AVS 62nd International Symposium & Exhibition
    Thin Film Monday Sessions
       Session TF+AS+SS-MoM

Paper TF+AS+SS-MoM1
The Effects of Embedded Dipoles in Aromatic Self-Assembled Monolayers

Monday, October 19, 2015, 8:20 am, Room 111

Session: Self-Assembled Monolayers, Layer-by-Layer, etc.
Presenter: Swen Schuster, Universität Heidelberg, Germany
Authors: S. Schuster, Universität Heidelberg, Germany
T. Abu-Husein, Universität Frankfurt, Germany
D.A. Egger, Graz University of Technology, Austria
I. Hehn, Graz University of Technology, Austria
M. Kind, Universität Frankfurt, Germany
E. Zojer, Graz University of Technology, Austria
A. Terfort, Universität Frankfurt, Germany
M. Zharnikov, Universität Heidelberg, Germany
Correspondent: Click to Email
Self-assembled monolayers (SAMs) are frequently used as intermediate films to modify charge-carrier injection from metal-electrodes into an organic semiconductor. This is usually achieved by use of the terminal dipolar groups comprising the SAM-ambience interface and affecting, at the same time, the growth chemistry of the semiconductor. Here we suggest an alternative approach, viz. embedding dipolar element into the molecular backbone, which allows decoupling the dipole control and the interfacial chemistry. As molecular backbone we use oligophenyl moiety which provides a suitable structural match to most organic semiconductors.
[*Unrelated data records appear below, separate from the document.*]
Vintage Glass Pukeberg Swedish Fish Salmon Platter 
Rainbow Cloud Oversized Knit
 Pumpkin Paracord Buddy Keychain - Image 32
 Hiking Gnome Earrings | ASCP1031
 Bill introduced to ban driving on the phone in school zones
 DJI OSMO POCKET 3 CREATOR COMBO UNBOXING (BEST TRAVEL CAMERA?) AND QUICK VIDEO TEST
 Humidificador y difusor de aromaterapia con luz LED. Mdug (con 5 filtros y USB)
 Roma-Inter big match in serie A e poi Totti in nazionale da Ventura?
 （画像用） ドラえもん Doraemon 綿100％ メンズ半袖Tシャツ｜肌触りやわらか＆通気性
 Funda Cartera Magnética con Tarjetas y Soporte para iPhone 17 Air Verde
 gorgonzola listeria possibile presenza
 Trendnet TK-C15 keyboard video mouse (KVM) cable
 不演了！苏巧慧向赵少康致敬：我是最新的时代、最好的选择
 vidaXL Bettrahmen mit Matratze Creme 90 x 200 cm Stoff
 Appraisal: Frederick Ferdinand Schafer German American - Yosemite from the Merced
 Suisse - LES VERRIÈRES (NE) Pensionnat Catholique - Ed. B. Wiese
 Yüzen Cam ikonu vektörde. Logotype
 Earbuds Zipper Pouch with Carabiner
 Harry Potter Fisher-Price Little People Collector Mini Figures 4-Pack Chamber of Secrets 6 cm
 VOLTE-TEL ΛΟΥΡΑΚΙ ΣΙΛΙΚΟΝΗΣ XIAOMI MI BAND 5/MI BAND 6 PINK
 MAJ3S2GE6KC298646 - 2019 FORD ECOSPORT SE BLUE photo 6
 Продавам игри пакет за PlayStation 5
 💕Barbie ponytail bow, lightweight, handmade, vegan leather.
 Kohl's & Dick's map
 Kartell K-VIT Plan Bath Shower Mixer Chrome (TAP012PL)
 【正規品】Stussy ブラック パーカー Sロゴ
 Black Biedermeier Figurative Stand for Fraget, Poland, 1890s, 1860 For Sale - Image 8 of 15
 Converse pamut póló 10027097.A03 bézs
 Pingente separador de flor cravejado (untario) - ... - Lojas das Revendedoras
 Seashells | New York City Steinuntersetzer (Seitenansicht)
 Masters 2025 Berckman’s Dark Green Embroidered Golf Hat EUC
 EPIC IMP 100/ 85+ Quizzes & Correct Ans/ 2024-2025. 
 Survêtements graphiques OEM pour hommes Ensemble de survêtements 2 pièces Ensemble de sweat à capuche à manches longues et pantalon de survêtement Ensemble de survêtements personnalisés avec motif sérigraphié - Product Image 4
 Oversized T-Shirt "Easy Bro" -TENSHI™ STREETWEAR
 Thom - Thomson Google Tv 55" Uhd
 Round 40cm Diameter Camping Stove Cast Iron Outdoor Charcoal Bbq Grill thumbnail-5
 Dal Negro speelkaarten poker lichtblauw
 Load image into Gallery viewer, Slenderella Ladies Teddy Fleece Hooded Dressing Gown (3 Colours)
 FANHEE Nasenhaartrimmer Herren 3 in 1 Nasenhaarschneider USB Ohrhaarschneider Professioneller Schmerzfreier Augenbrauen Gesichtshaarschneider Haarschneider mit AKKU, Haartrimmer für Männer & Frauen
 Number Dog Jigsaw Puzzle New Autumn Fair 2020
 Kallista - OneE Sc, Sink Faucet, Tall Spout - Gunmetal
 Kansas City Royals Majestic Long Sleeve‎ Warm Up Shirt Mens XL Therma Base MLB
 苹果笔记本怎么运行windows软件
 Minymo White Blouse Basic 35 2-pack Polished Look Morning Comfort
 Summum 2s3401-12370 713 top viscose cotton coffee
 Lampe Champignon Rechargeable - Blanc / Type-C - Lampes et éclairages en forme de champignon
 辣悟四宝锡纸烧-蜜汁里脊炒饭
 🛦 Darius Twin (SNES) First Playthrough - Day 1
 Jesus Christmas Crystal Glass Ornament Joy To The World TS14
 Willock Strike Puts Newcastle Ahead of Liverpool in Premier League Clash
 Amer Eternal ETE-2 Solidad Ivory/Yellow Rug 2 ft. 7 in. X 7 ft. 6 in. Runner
As polar unit we use pyrimidine, varying its orientation in the molecular backbone and, consequently, the direction of the embedded dipole moment. The electronic and structural properties of these embedded-dipole SAMs are thoroughly analyzed using a number of complementary characterization techniques combined with quantum-mechanical modeling. We show that such mid-chain substituted monolayers are highly interesting from both fundamental and application viewpoints, as the dipolar groups are found to induce a potential discontinuity inside the monolayer, electrostatically shifting the energy levels in the regions above and below the dipoles relative to one another. These SAMs also allow for tuning the substrate work function in a controlled manner independent of the docking and interfacial chemistry. In addition, a mixture of the embedded-dipole molecules with opposite orientations of dipoles makes possible a fine tuning of the work function between the ultimate values, associated with a particular dipole orientation. Quantum-mechanical modeling in conjunction with x-ray photoelectron spectroscopy experiments provides insight into the molecular organization of such mixed monolayers.